I met with a nursing home admissions director today at lunch. He generously allowed me to pick his brain for a long time, answered my questions, gave me good advice, and offered counsel if I need it in the future. But his words, his advice, his information...they were heavy, burdensome, worrisome, ominous. We have much work to do in order to help Mother, and time is of the essence, and there are many obstacles before us. Even with the firsthand knowledge of how faithful the Father is, I felt myself become overwhelmed this afternoon. I was low and dark, and my heart was sick within me.
When I left for work, the girls all said, "Goodnight, PeePaw. See you in the morning." I waved and said, "See y'all tomorrow."
When I got home, I cleaned up a few things, then sat down to study for my upcoming Sunday School class on the four gospels. I went pretty quickly into a little private place, lost in the words of scripture and commentators. And then there was a knock at the door. But the knock sounded funny. It was coming from the front door. I went to the door and opened it, and there were...five of the ladies from work. Lisa, Sally, Sandy, Jamie, and Holly. I stared at them for a long time, and then they all shouted, "Hi, PeePaw!"

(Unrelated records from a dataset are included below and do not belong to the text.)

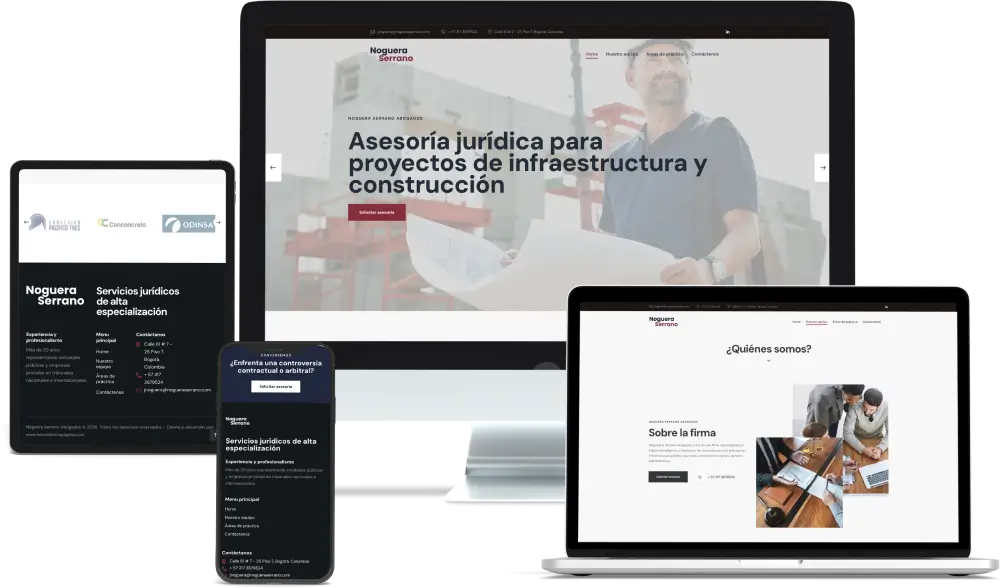 páginas web para abogados en Cali que generan clientes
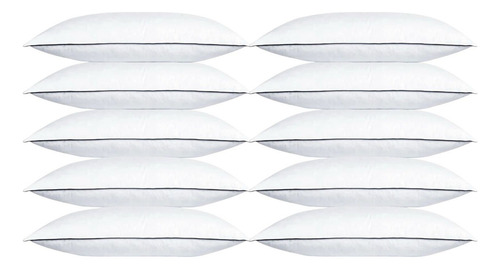 Almohada Hotelera Monarca Estándar Media 10 Pack Color Blanco
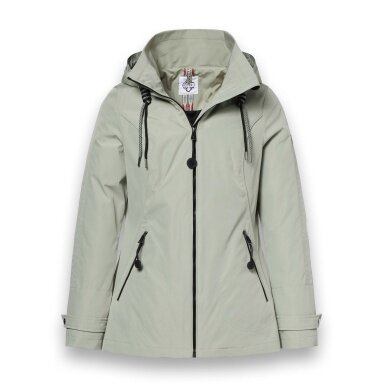 District Transition Jacket Cosmos (with hood, water-repellent) light green ladies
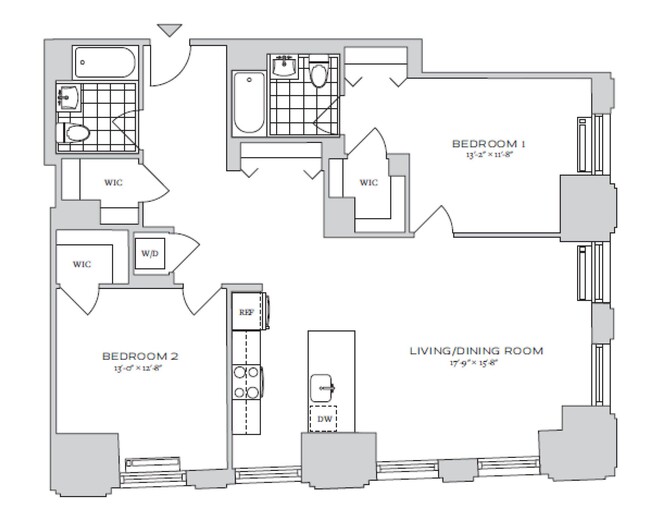 Floorplan - 70 Pine Apartments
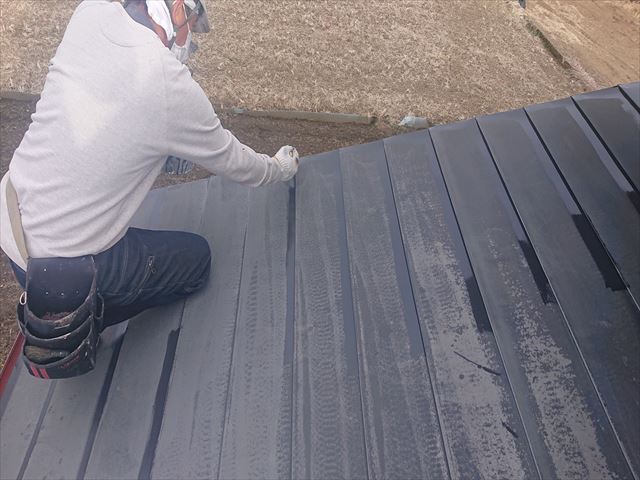 下伊那郡下條村トタン屋根塗装ダメ込み4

Butternut hissed at them, naturally.
I finally invited them into the house and in they came, each carrying something in her arms. When all were inside, they went to the kitchen and placed an entire feast on the counters. Fried chicken, home-canned green beans, home grown creamed corn, yeast rolls, four kinds of fresh sliced fruit, brownies, coffee cake, and some sort of ambrosia-like dessert made of CoolWhip, oranges, pineapples, and coconut. They even brought styrofoam plates and plastic cutlery and napkins so we wouldn't have to do dishes.
"Why?" I asked.
"Because we love you. Because we wanted to."

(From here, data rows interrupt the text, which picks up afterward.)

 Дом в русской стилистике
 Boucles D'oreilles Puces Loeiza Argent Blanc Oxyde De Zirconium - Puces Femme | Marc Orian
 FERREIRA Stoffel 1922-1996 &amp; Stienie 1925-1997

I pressed for a better reason, but all I got was, "You're going through a bad time now. We love you and MeeMaw and didn't want you to have to worry about cooking, at least for a night or two."
God uses means to accomplish His methods, and the means He used in sending the girls to our home tonight have left us humbled, grateful, and full of love for Him Who has loved us before He brought us into being.

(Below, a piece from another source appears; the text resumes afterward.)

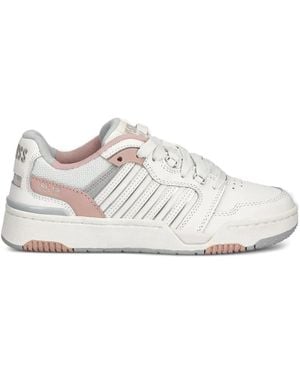 K-swiss Si-18 Rival Striped Panel Sneakers - White
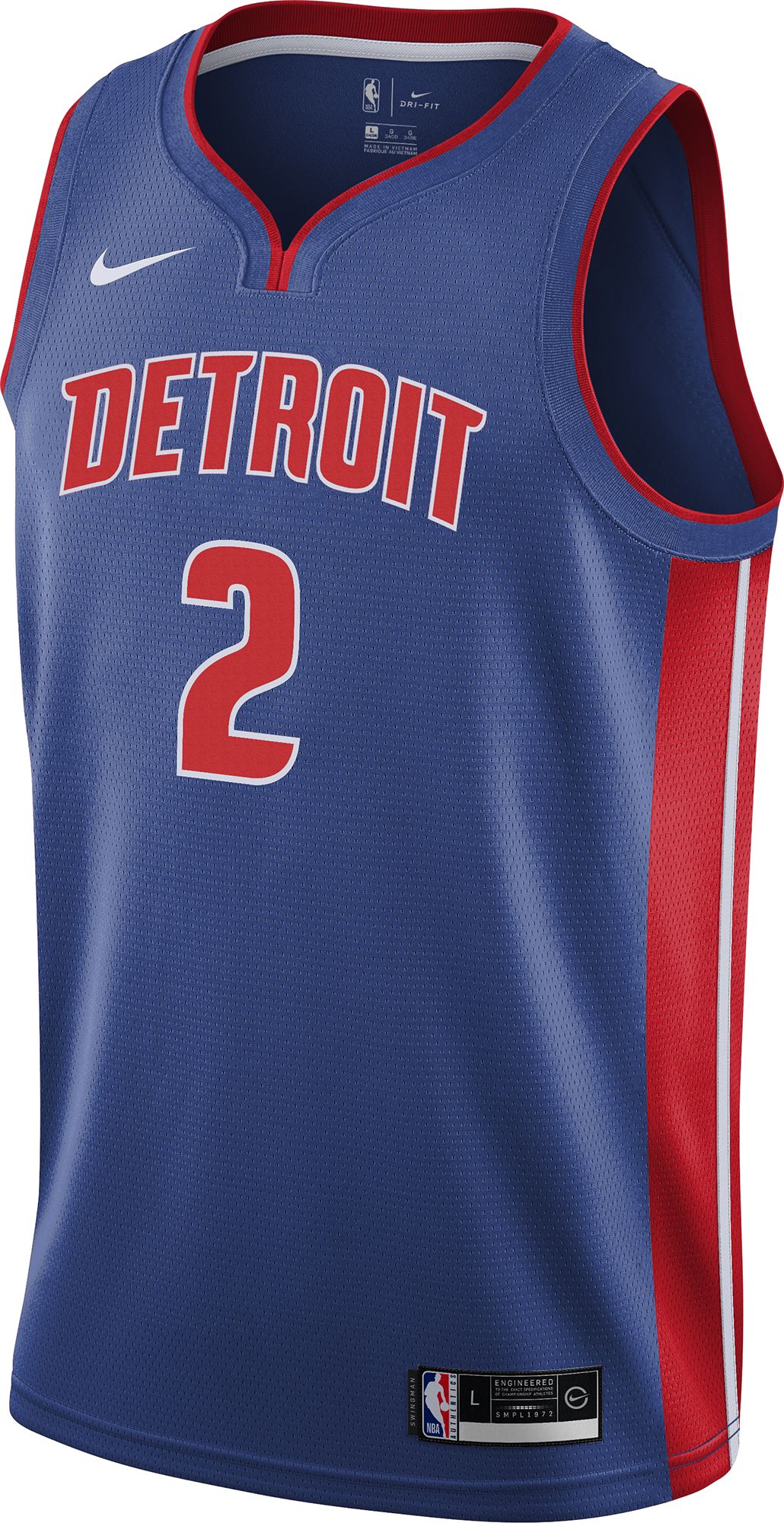 Nike Youth Detroit Pistons Cade Cunningham #2 Blue Dri-FIT Swingman Jersey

The girls wanted to get home to their own families (they drove a half-hour one-way just to come out and deliver the food), but they wanted a tour first. So we collectively toured the house, and then the yard, and most of the rest of us toured the south pasture while MeeMaw and Lisa sat in the house and visited. The girls picked ripe apples from our tree and declared them very tasty and fit for human consumption. Jamie asked if she can come back and pick some more for frying and for pies. I gave her our blessing, since we probably won't have the time to devote to a lot of apple picking in the coming days and weeks. Old Gus the Bassett hound came over and got lots of lovin' from the girls, too.
By 7:15, the girls were leaving, but we insisted on a photo. MeeMaw took one of us, and then I set the timer and got one of all of us together. Then each of the girls hugged both of us and told us that they loved us, and they drove away under the tulip poplars, waving back at us. We came inside and had a banquet.
We both feel refreshed. Blessed and refreshed. I started the day unarmed, and God ended it by encouraging and energizing me. Later, MeeMaw and I stood outside in the dark, staring up into the diamond-studded sky, and MeeMaw prayed that God would provide for our needs in the coming battle with my sister, the nursing home industry, and insurance companies. On such a night, how can we doubt that He will lead and provide? How can we ever doubt His faithfulness, seeing that He has never been anything but faithful?
And now MeeMaw is handing me a dish (one of the ones Mother gave us years ago) loaded with the ambrosia dessert and a slab of brownie. I must go and take victuals.
Oh, and by the way...MeeMaw was in on the whole thing. Conspiratorial women.